Российское Адмиралтейство, следуя совету генерала Суворова, уже определило большую естественную бухту Ахтиар (названную по имени маленького крымско-татарского поселка на берегу моря, Ак-Яр, что означает «белый утес») как потенциальную военно-морскую базу[131]. Были предприняты меры по рекогносцировке и установлению контроля над бухтой. В этом году Крымское ханство даже собиралось уступить бухту Ахтиар России, вероятно полагая, что это меньшее из двух зол – большим была бы потеря Крыма. Однако цель Потемкина состояла в присоединении всего полуострова, и это «предложение» отклонили. Тем не менее в ноябре 1782 г. Потемкин приказал двум фрегатам из Азовской флотилии, «Храброму» и «Осторожному», под командованием капитана первого ранга И. М. Одинцова перезимовать в бухте Ахтиар. В своем донесении Одинцов писал: «Имею честь представить сделанную Ахтиарской гавани с ее заливами, с промерами глубин и положением берегов карту, в которой как военных кораблей, так и прочих судов без всякой нужды до 50 и более установить можно…»[132]
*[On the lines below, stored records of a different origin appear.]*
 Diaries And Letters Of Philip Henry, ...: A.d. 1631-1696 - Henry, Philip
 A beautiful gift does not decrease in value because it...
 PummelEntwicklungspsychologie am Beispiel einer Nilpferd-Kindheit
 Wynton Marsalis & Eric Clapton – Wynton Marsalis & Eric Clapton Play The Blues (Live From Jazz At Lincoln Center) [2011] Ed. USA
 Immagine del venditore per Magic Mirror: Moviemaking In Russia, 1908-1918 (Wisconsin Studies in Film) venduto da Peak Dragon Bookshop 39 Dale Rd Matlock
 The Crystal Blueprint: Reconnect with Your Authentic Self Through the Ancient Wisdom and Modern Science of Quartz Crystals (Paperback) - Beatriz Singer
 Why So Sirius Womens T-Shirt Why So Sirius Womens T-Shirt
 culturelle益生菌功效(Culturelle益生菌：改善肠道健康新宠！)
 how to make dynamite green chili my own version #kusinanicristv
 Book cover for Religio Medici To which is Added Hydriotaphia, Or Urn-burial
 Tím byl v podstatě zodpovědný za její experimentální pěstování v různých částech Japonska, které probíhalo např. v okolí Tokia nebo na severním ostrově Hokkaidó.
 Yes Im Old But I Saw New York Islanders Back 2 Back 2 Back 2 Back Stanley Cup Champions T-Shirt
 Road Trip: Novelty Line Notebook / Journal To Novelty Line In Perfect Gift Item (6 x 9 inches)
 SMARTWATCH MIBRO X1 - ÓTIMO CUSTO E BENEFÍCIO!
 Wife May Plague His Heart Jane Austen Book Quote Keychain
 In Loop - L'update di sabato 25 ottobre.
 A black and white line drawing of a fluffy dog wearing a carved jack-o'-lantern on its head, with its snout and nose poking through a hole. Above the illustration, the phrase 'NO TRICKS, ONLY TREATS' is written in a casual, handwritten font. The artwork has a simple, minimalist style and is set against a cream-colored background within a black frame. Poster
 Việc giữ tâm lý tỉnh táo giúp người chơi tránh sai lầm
Дальнейшие события – для России, Потемкина и Маккензи – развивались очень быстро. 22 января 1783 г. Екатерина II назначила Клокачева командующим Азовской флотилией. На следующий день он отправился из Санкт-Петербурга в Кременчуг на Днепре на встречу с Потемкиным, который должен был дать ему дополнительные инструкции. Затем Клокачев поднял свой флаг на флагмане Азовской флотилии в порту Таганрога. В марте он приказал провести вторую рекогносцировку южного побережья Крыма, и особенно бухты Ахтиар, чтобы убедиться, что она подходит для базы военно-морского флота. Задание было поручено капитан-лейтенанту Берсеневу. Прибыв в Ахтиар в апреле, чтобы провести детальное обследование бухты, он увидел, что она большая, глубокая и безопасная. В своем одобрительном рапорте Берсенев писал: «Четыре бухты, закрытые от ветров горами, и пятая рейдовая, простирающаяся в длину на семь, а в ширину на полторы версты[133], при глубине десять саженей, с иловатым грунтом»[134]. Берсенев подтвердил рапорт Одинцова о том, что Ахтиар – превосходная гавань для флота, в которой корабли могут безопасно стоять на якоре вблизи берега. Более того, местность вокруг бухты в то время не была заселена, и никто на нее не претендовал. Таким образом, это место выглядело идеальным для основания базы Черноморской эскадры, со всеми необходимыми береговыми сооружениями. Вскоре здесь возник оживленный центр, откуда российский флот смог контролировать воды региона.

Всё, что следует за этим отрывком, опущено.